Los había en otras lenguas, como Leo Spitzer, Helmut Hatzfeld o Michael Riffaterre, pero en ningún lugar, quizás, con tanto acierto como en España -quién sabe si porque sus colegas sufrieron el exilio y él siguió, no sin trabas y dolores, en su casa y su cátedra de Madrid. Como quiera que fuera, Dámaso llegó a ser, no ya una autoridad respetada y premiada por muchos, sino una verdadera institución, dirigente seguro de asociaciones de hispanistas y romanistas, y animador entre tantas cosas de la Real Academia Española (que renovó en profundidad, introduciendo a grandes poetas y estudiosos).

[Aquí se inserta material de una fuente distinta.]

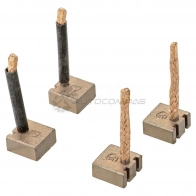 Щетки стартера KRAUF 81PML UD SHV1434MG 1440837558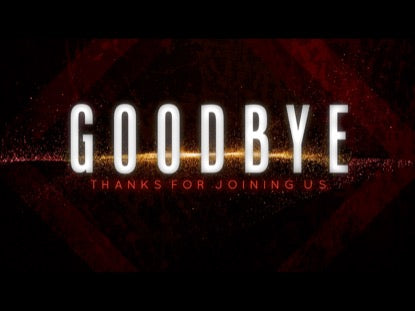 Drift Goodbye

Puesto que eran tales sus aptitudes y sus intereses, cada hispanista, o simple lector, de hoy sabrá decir en qué terreno refulgió más su pluritalento. Alguno juzgará que en su extraordinaria traducción de los sutiles y complejos ritmos de Gerard Manley Hopkins. ¿En la amplísima inspiración, en la libertad de los poemas tan intensos de Hijos de la ira? ¿En los poemas en que se explayaban la búsqueda y la duda religiosas? Yo lo tengo muy claro. Dámaso ha sido el mejor crítico de poesía del siglo XX. O, si se prefiere evitar hipérboles y comparaciones, digamos que sus mejores páginas ejemplarizan con excepcional eficacia hasta qué punto un comentario crítico puede proyectar una luz nueva y decisiva sobre un texto poético, consiguiendo que percibamos lo que no habíamos descubierto, que pasemos de ver a mirar, y de mirar a revelar, a sentir, a entender y a conjuntar. El que no lo haya observado o vivido, poco sabe de crítica y menos de poesía. Es ésta una tarea, la lectura atenta, atentísima, de los textos, que hoy día muchos no sólo descuidan sino desconocen por completo. Es que, en el fondo no nos dábamos cuenta de lo difícil que era el análisis pormenorizado de la poesía misma. ¿No sería porque Dámaso lo lograba tan perfectamente?
Ahí quedan, quedarán durante muchos años, esas lecturas, esas lecciones, excepcionales en que el hombre de ciencia en Dámaso luchaba con el crítico y el poeta, entre congojas y efusiones, sin acabar de conseguir la ardua conciliación que él buscaba, la confluencia de sus inclinaciones, la paz entre las exigencias, las querencias tan dispares que movían su sensibilidad y su inteligencia. Fecundísimos combates interiores, bendito sea Dios, los suyos, a los que también debemos -entre la sátira y la angustia religiosa- lo mejor de su poesía.